The Bose SoundDock Portable provides a beautiful sound, its battery life is great, but the giant-sized charger is a complete let down.

Score: 12/20

3. Does it add value to your life?

Unlike many docking stations that are designed for bedside listening, the Bose SoundDock Portable is powerful enough to offer good sound in an average sized dining room or lounge.

Weighing in at just under three kilograms, it is not the lightest of them all, but the rear, recessed-handle makes carrying it fairly easy. (A carry bag is available as an optional extra.) Overall, it is a nice addition for a picnic or where an electrical outlet is not available.

18/20

4. Innovation

Sound docks have been around for years, and although the SoundDock offers superior sound, it offers nothing in the way of innovation.
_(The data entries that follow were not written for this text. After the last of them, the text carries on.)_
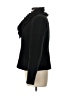 Spense Black Blazer Size L - photo 5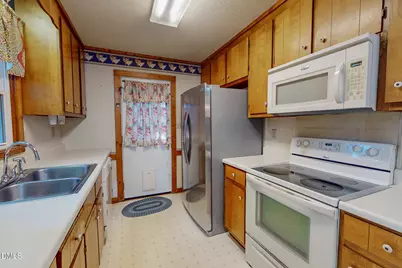 310 Northcliff Drive, Durham, NC 27712 - Photo 15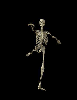 ballet_skeleton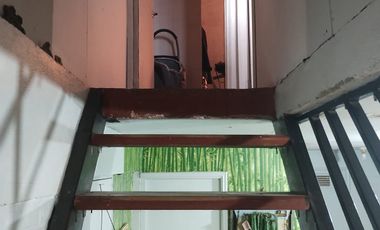 CASA PAINE 2DORMITORIOS,1BAÑO, AMPLIO PATIO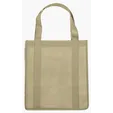 Good Value™ Non-Woven Grocery Tote — view 15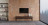 Тумба под TV Mod Interiors Benissa 184,2 x 45 x 50h nc67278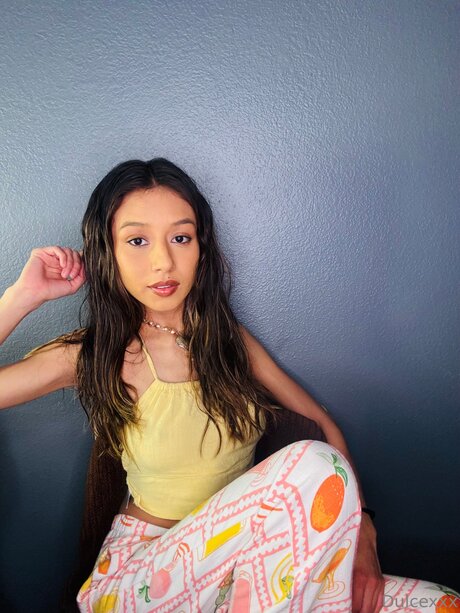 Latinabarbie96 pornstar best photo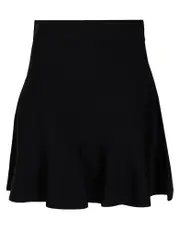[8 BY YOOX] 8 by YOOX Mini skirts - Item 13826228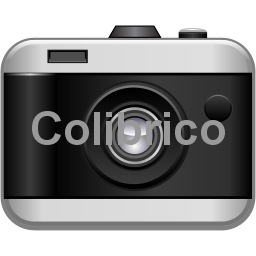 Camera1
In fact, the lack of Bluetooth or any wireless connectivity for that matter is limiting.

13/20

5. Value for money

Much like the die-hard Apple Mac fans that will spend more on a product that performs much the same as cheaper alternatives, you get the same in the audio/visual world.

This becomes especially clear when reading the various reviews posted on the Internet. Reviewers either dislike the Bose SoundDock Portable due to it price, while others like it, saying the sound quality justifies the price.

But at R5 000 for a docking station I would have to agree with the former reviewers. R5 000 is ridiculously overpriced, even though it offers superior sound.

10/20

Conclusion

There is no faulting the Bose SoundDock Portable in terms of elegance and sound, but its clunky charger and high price are complete turnoffs.